> **TASK INSTRUCTIONS**
A word-for-word copy of the following listing is needed. Leave out its images.

> **TASK MATERIAL**

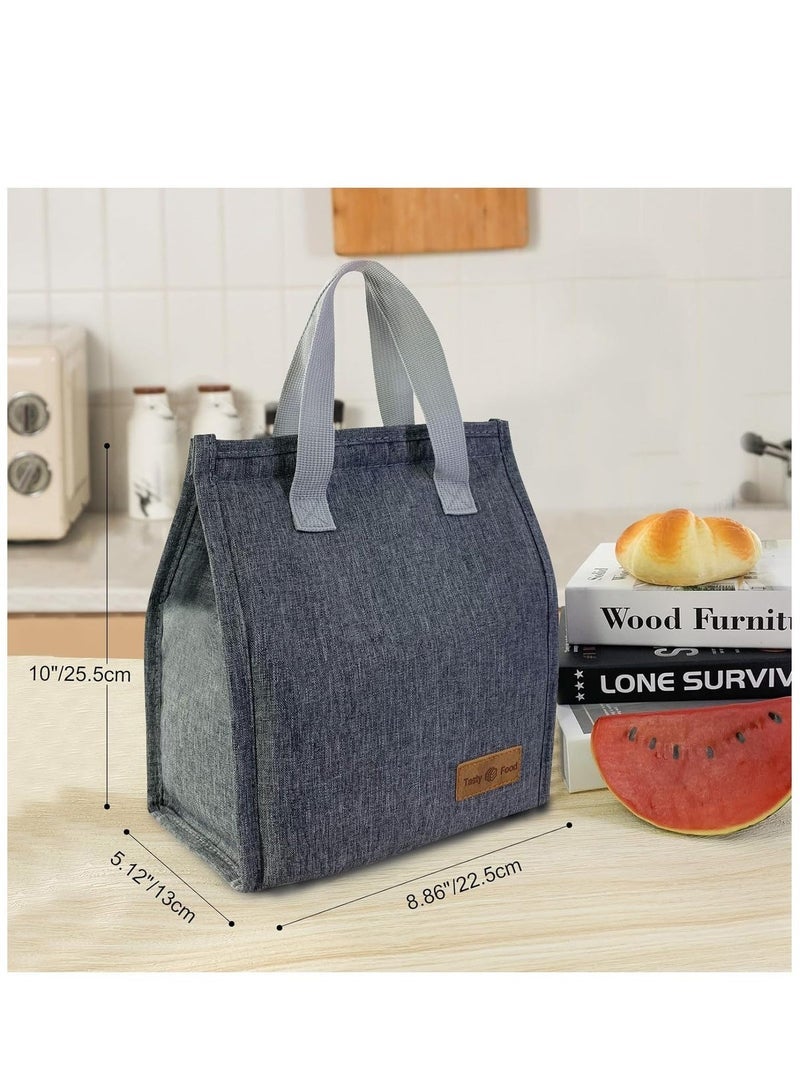 HaHaHai Lunch Bag, Insulated Lunch Bag for Women Men Kids, Reusable Insulated Lunch Bag, Leakproof Simple Bento Lunch Tote, Lunch Bag Insulated, for Office, Work, School, Picnic or Travel (Black) - Image 2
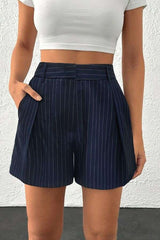 Pinstripe High-Waisted Shorts image 0
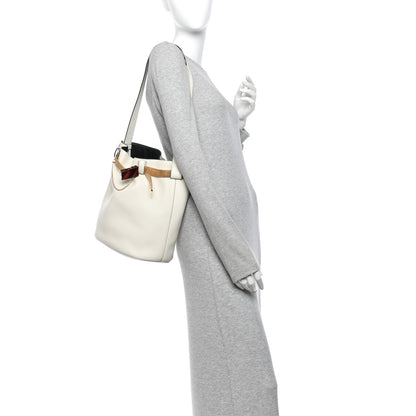 Prada Calfskin Buckle Bag With Jeweled Belt  White Black 2 of 10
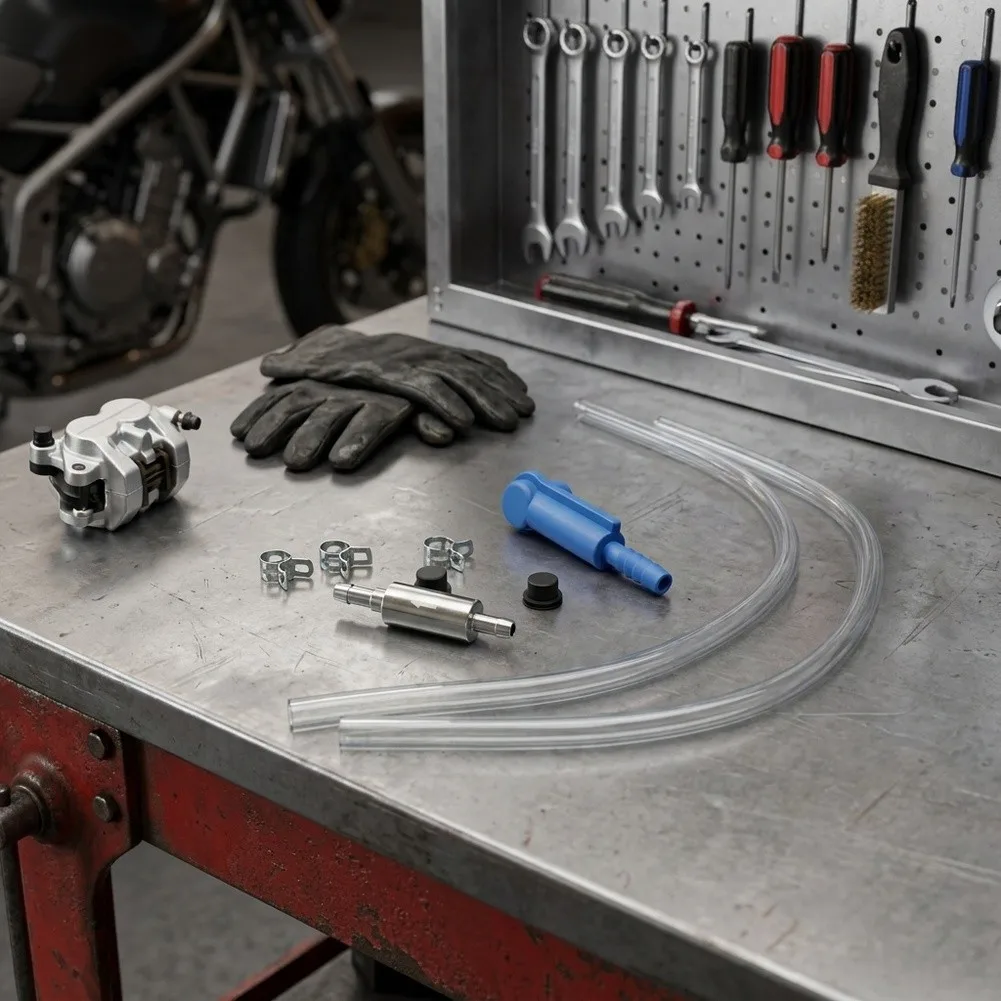 Brake Bleeder Kit With One-Way Check Valves, Quick-Connect Hose For Motorcycle Hydraulic Brake And Clutch Fluid Changing, Leak R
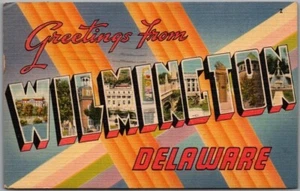 1949 WILMINGTON, Delaware Large Letter Greetings Postcard Multi-View / Linen - Picture 1 of 2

> **YOUR SOLUTION**
 HaHaHai Lunch Bag, Insulated Lunch Bag for Women Men Kids, Reusable Insulated Lunch Bag, Leakproof Simple Bento Lunch Tote, Lunch Bag Insulated, for Office, Work, School, Picnic or Travel (Black) - Image 2
 Pinstripe High-Waisted Shorts image 0
 Prada Calfskin Buckle Bag With Jeweled Belt  White Black 2 of 10
 Brake Bleeder Kit With One-Way Check Valves, Quick-Connect Hose For Motorcycle Hydraulic Brake And Clutch Fluid Changing, Leak R
 1949 WILMINGTON, Delaware Large Letter Greetings Postcard Multi-View / Linen - Picture 1 of 2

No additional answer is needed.